■ About this task ■
Print, exactly and with no pictures, the line containing "hayz trenches отзывы" and each line after it to the end of the entries below.

■ Data extracts ■
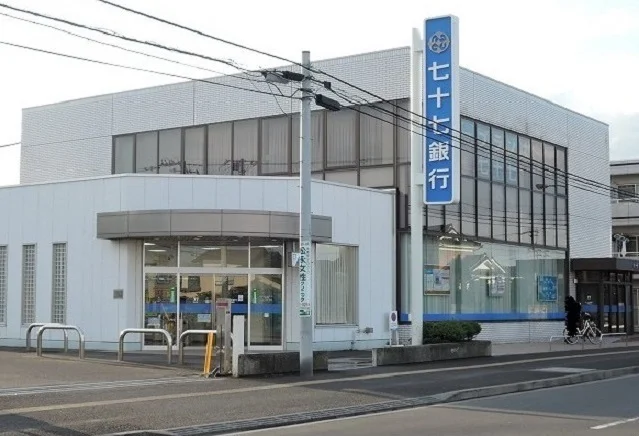 七十七銀行沖野支店まで1100m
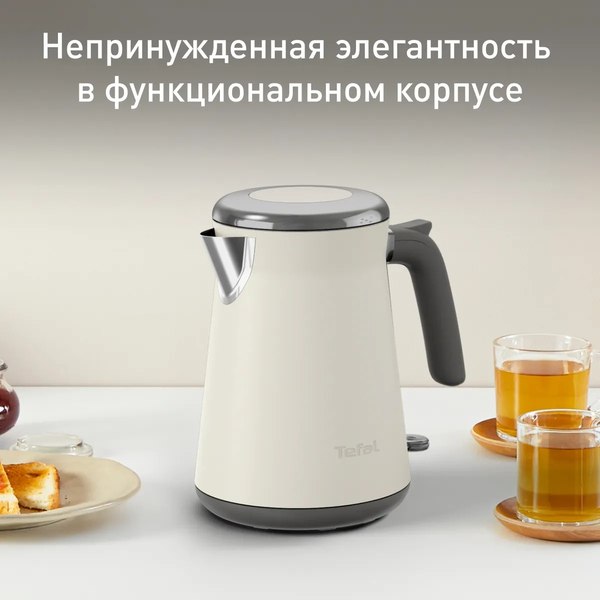 Электрочайник Tefal KI666AE0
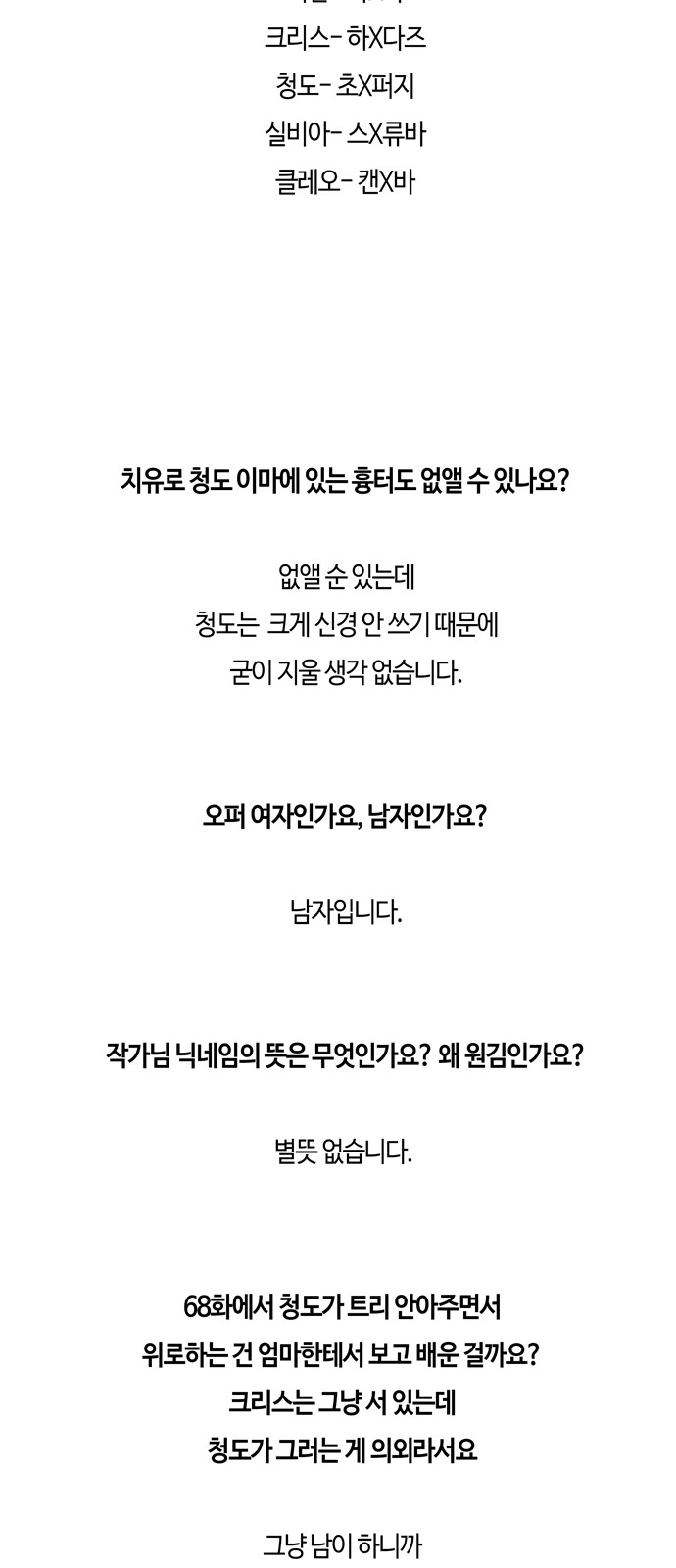 88 페이지
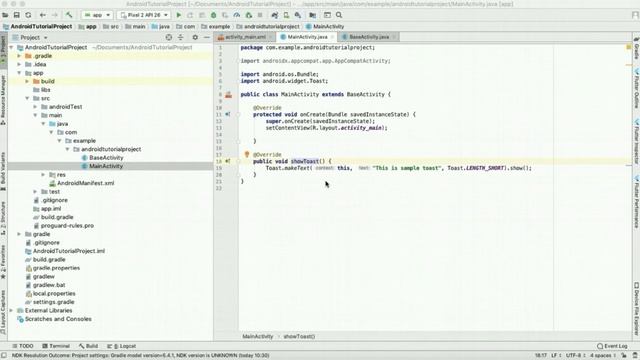 Where to use java abstract classes in Android Development смотреть онлайн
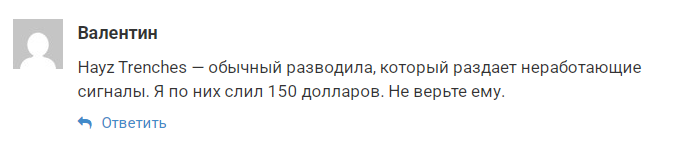 hayz trenches отзывы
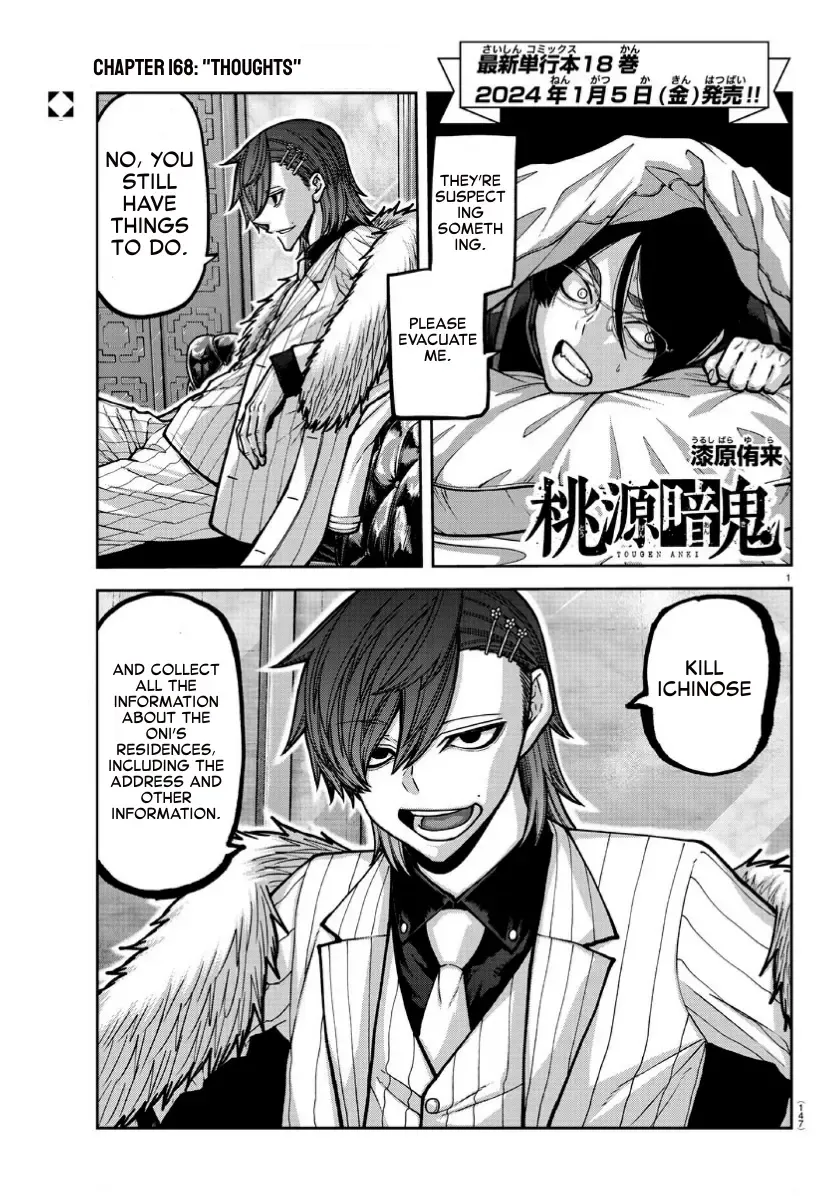 Tougen Anki Zinmanga X Chapter 168 Page 1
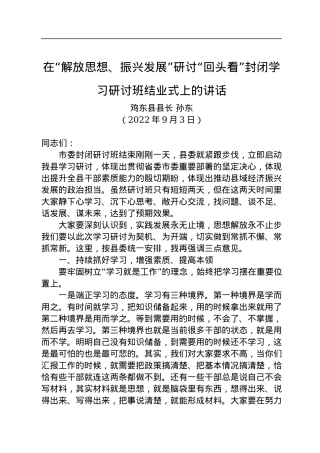 鸡东县县长孙东：在“解放思想、振兴发展”研讨“回头看”封闭学习研讨班结业式上的讲话（20220903）.docx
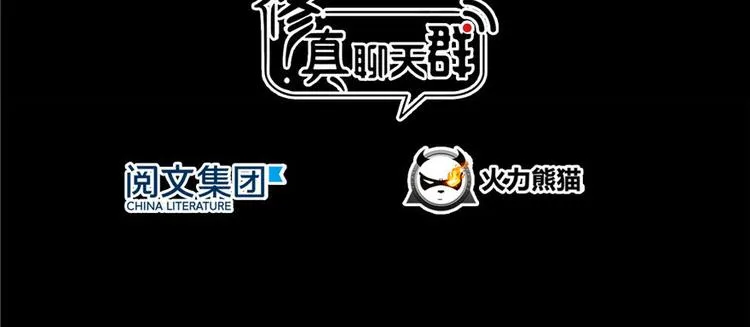 番外2 假如我是一根葱 第4页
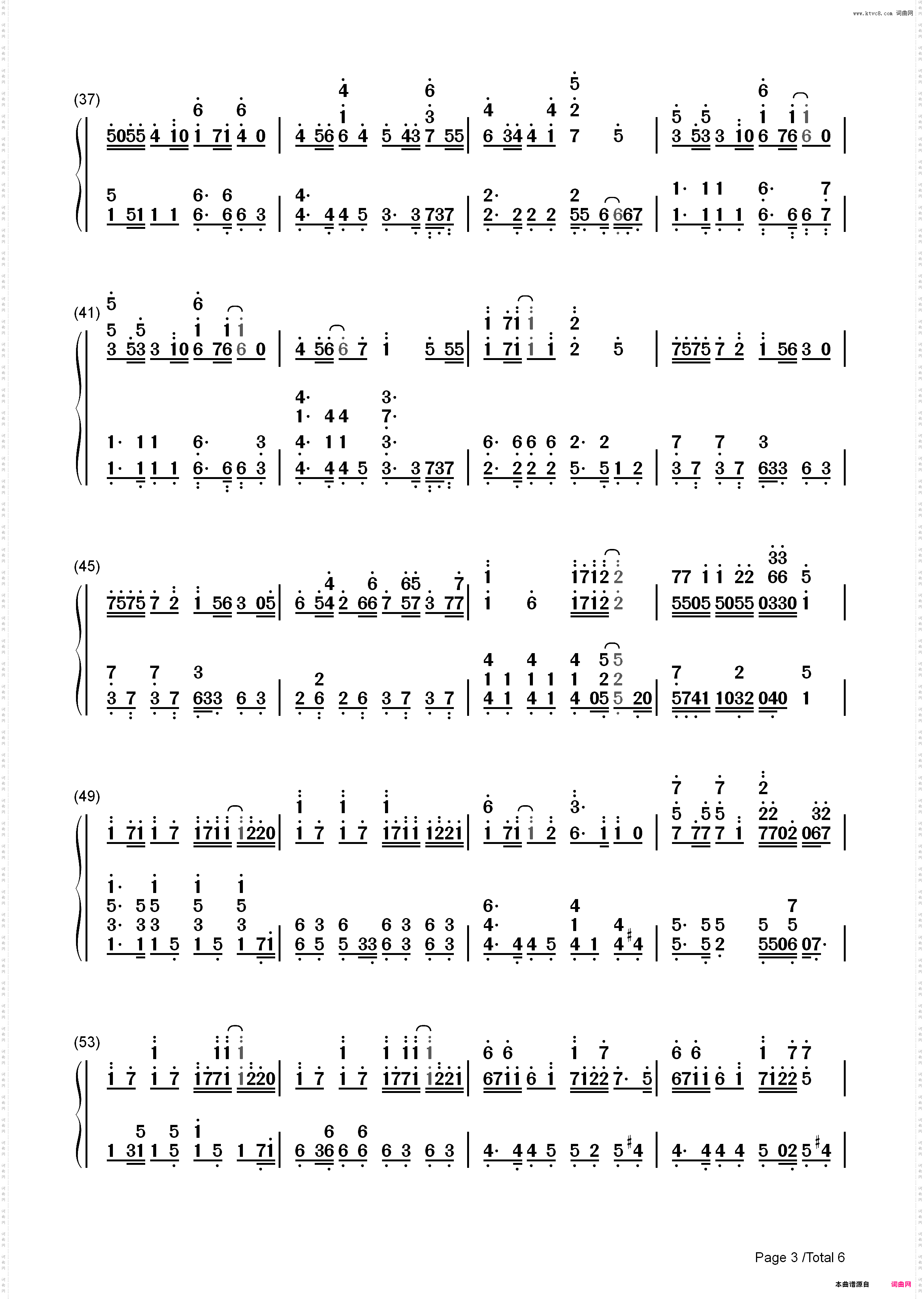 心のプラカード-心意告示牌-AKB48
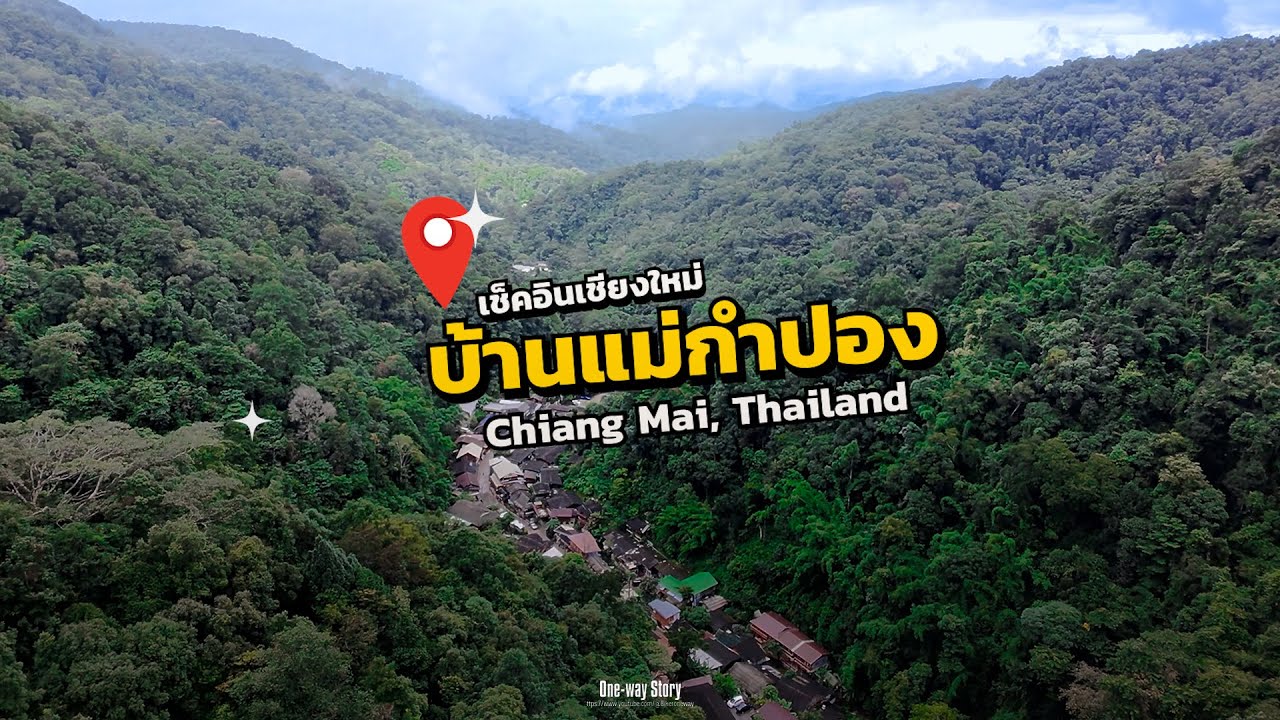 เที่ยวแม่กําปอง 2 วัน 1 คืนเชียงใหม่ 2025 | Mae Kampong Village Chiang​Mai​ #แม่กำปอง #เฮือนอ้ายอู๊ด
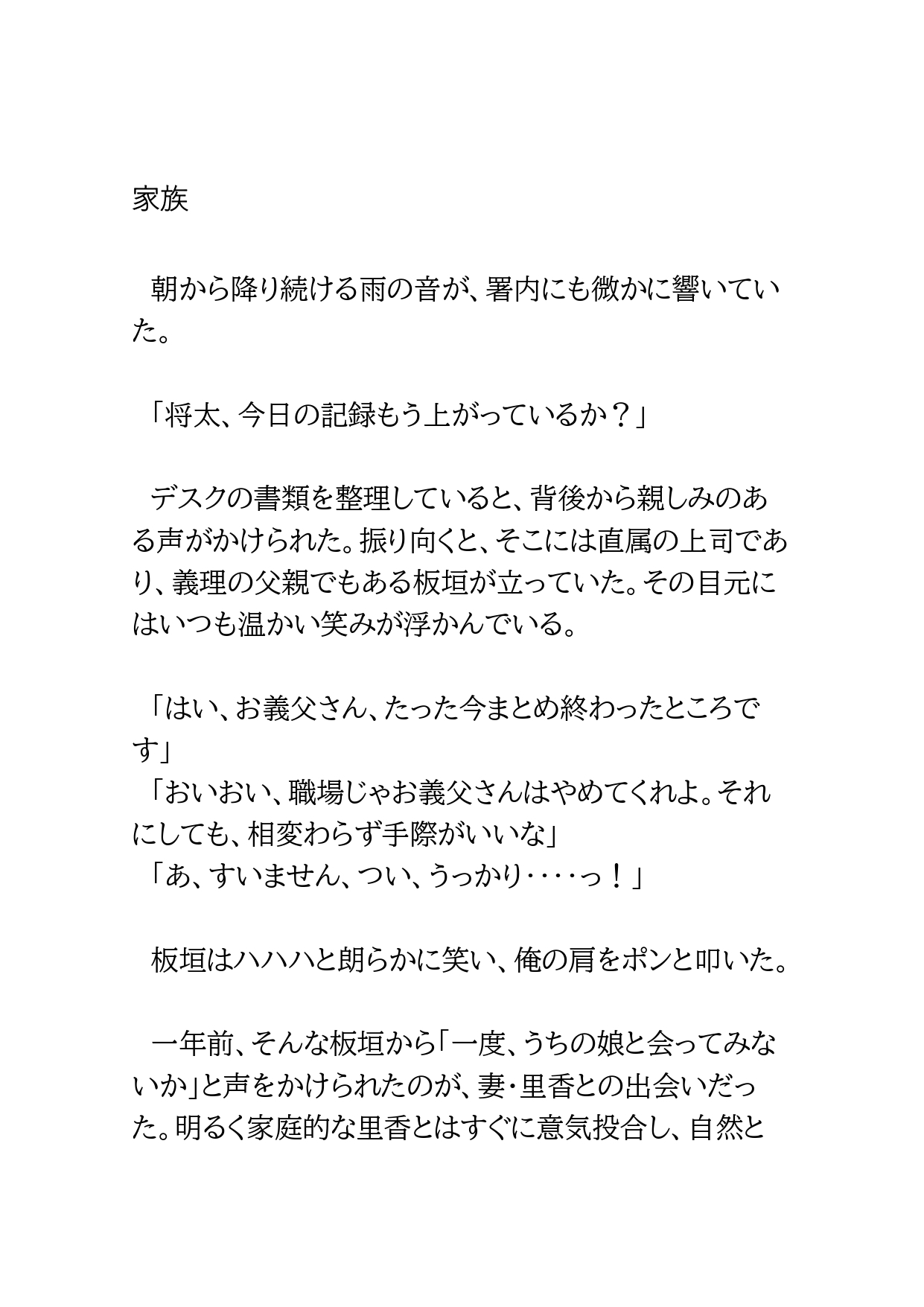 義父と父～標的にされたノンケ警察官～ [BLSM物語] | DLsiteがるまに 2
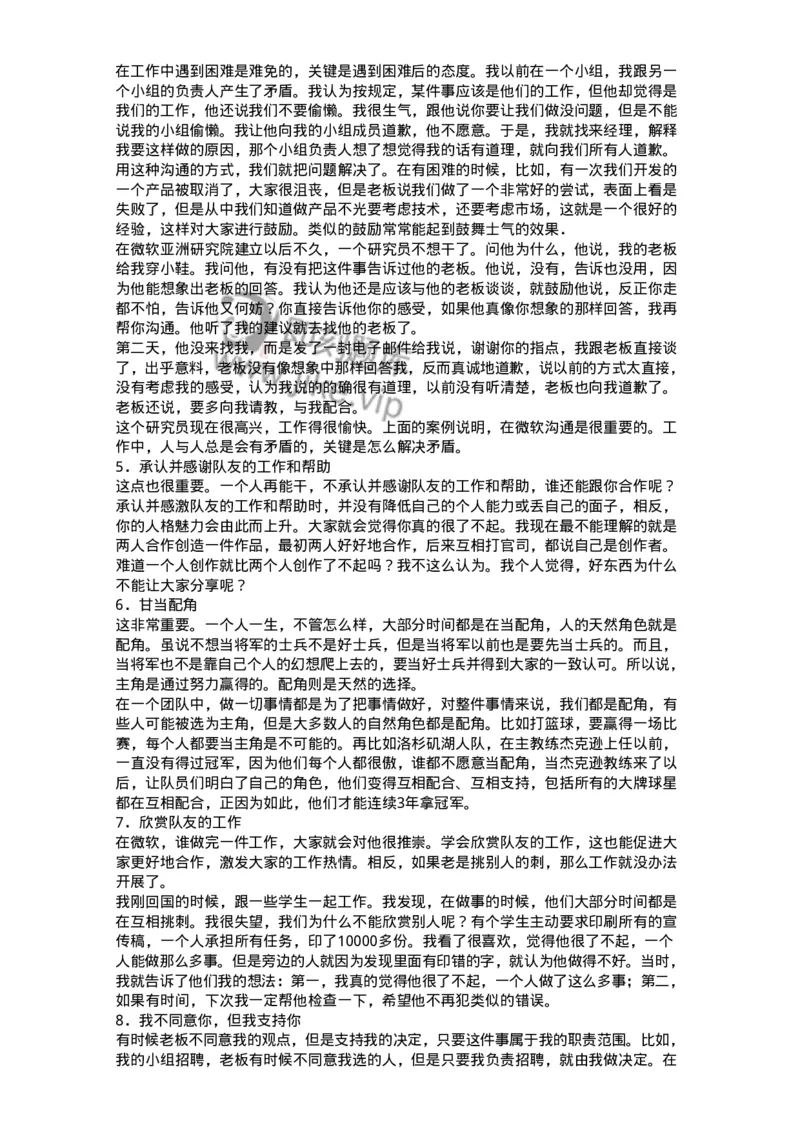 301-1组织行为学-137258_军队文职(1)_01.军队文职真题-专业课_（全）版本一（历年真题+章节练习+模拟题）_管理学与服务(军队文职)_章节练习_纯题目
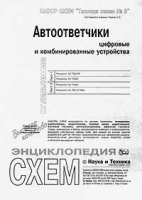Набор схем `Техника связи №8` Автоответчики цифровые и комбинированные устройства артикул 11261a.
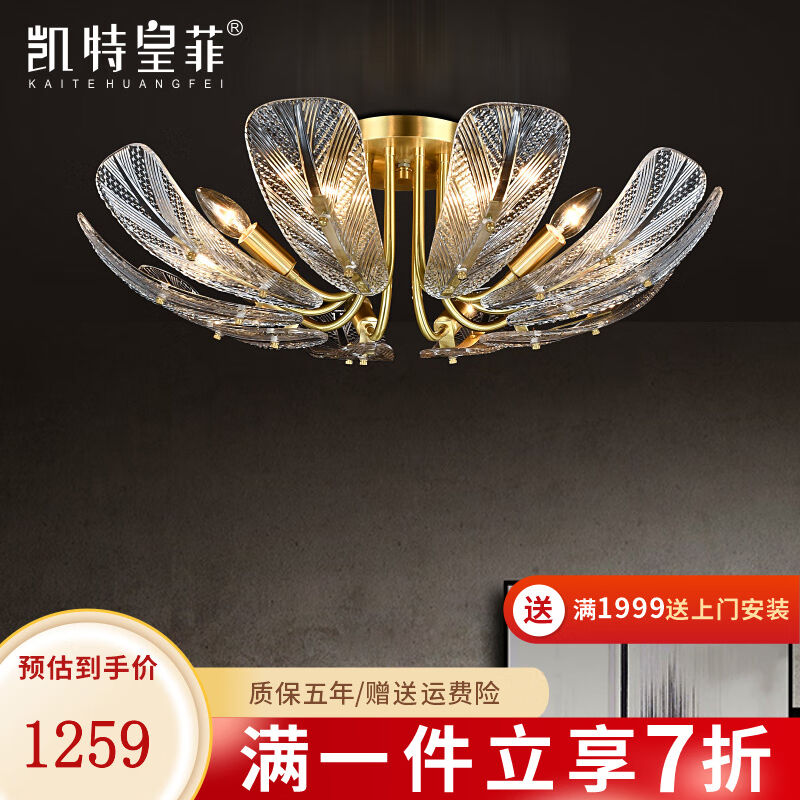 凱特皇菲輕奢吊燈客廳燈簡約北歐后現(xiàn)代創(chuàng)意大氣家用港式餐廳臥室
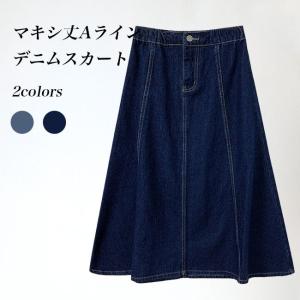 デニムスカート ロング レディース Aラインスカート マキシ丈 フレアスカート デニム ロングスカート 体型カバー ハイウエスト 着?せ マキシスカート Aライ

■ Output below ■
 hayz trenches отзывы
 Tougen Anki Zinmanga X Chapter 168 Page 1
 鸡东县县长孙东：在“解放思想、振兴发展”研讨“回头看”封闭学习研讨班结业式上的讲话（20220903）.docx
 番外2 假如我是一根葱 第4页
 心のプラカード-心意告示牌-AKB48
 เที่ยวแม่กําปอง 2 วัน 1 คืนเชียงใหม่ 2025 | Mae Kampong Village Chiang​Mai​ #แม่กำปอง #เฮือนอ้ายอู๊ด
 義父と父～標的にされたノンケ警察官～ [BLSM物語] | DLsiteがるまに 2
 301-1组织行为学-137258_军队文职(1)_01.军队文职真题-专业课_（全）版本一（历年真题+章节练习+模拟题）_管理学与服务(军队文职)_章节练习_纯题目
Набор схем `Техника связи №8` Автоответчики цифровые и комбинированные устройства артикул 11261a.
 凱特皇菲輕奢吊燈客廳燈簡約北歐后現(xiàn)代創(chuàng)意大氣家用港式餐廳臥室
 デニムスカート ロング レディース Aラインスカート マキシ丈 フレアスカート デニム ロングスカート 体型カバー ハイウエスト 着?せ マキシスカート Aライ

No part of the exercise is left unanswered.